REQUIREMENT –
The required result is an exact copy of the lines from the one containing "Gebraucht Toyota Aygo" to the last line of the records, both ends included, without pictures.

GIVEN INFORMATION –
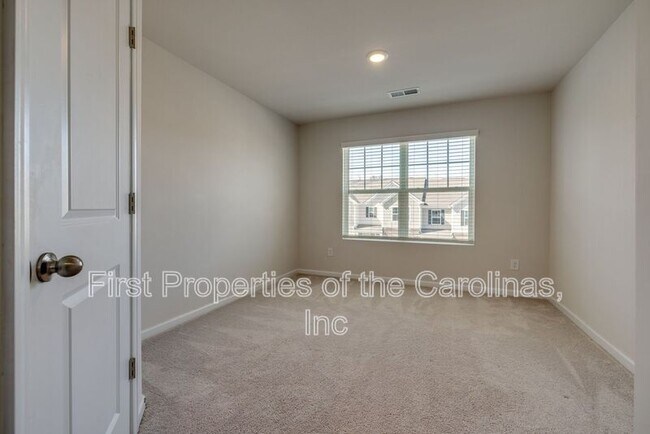 Building Photo - 807 Gable Oak Ln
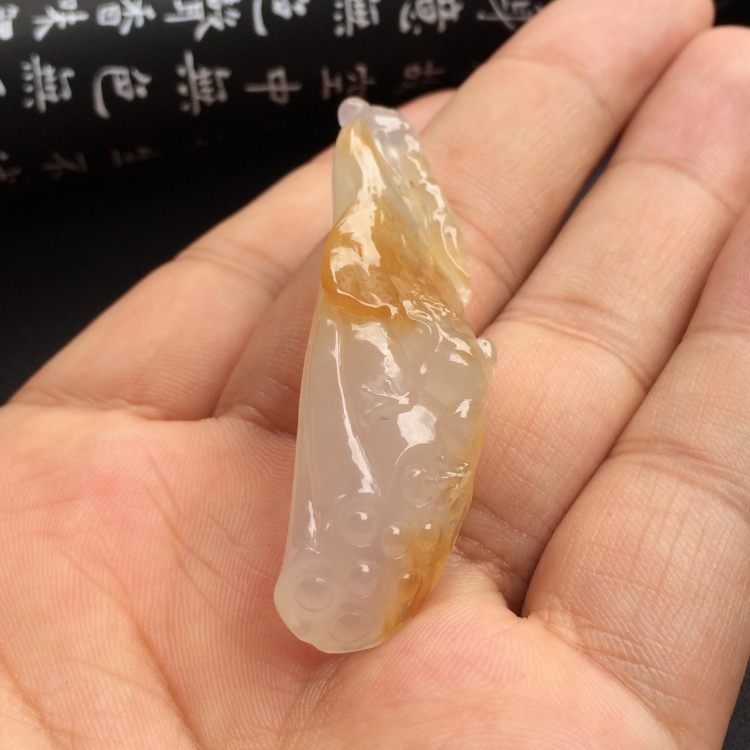 （超值推荐）冰种黄翡连生贵子挂件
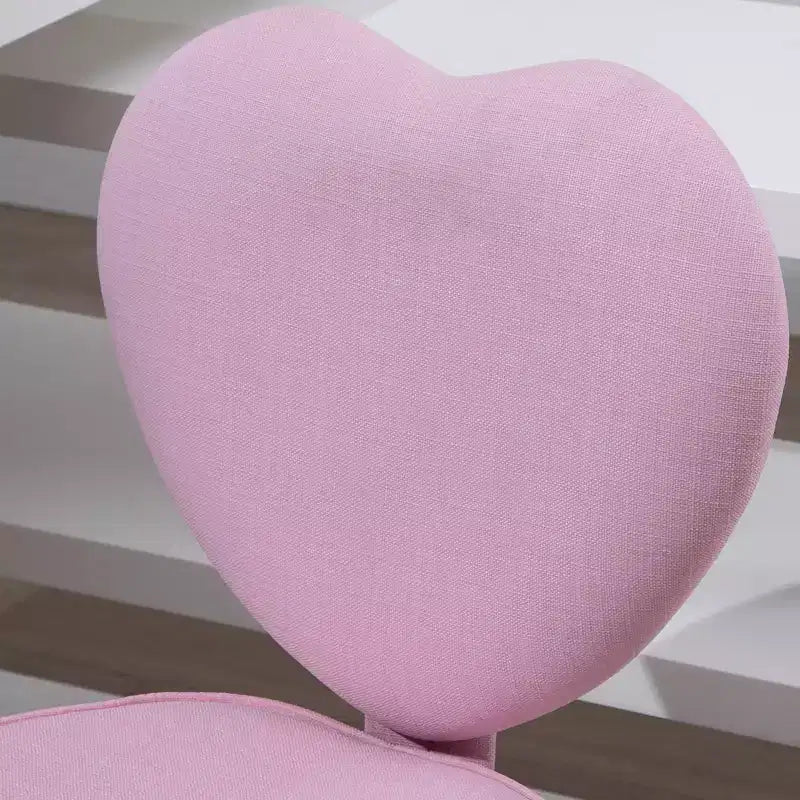 Chaise de bureau au dossier en forme de cœur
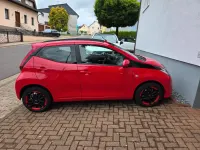 Gebraucht Toyota Aygo 72 PS (52 kW) 2019 Rot Kleinwagen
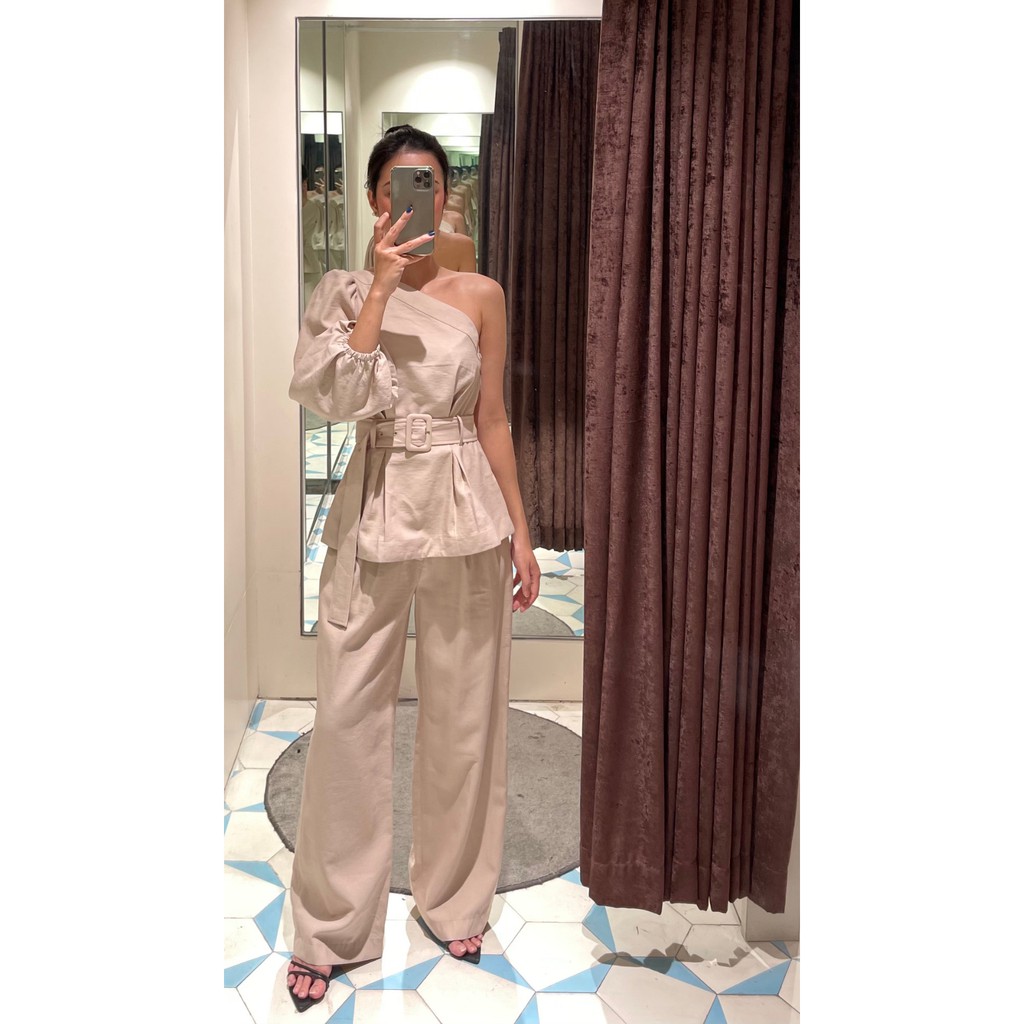 COCO SIN - Áo Kem Lệch Vai Kèm Belt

REPLY TO THE TASK –
 Gebraucht Toyota Aygo 72 PS (52 kW) 2019 Rot Kleinwagen
 COCO SIN - Áo Kem Lệch Vai Kèm Belt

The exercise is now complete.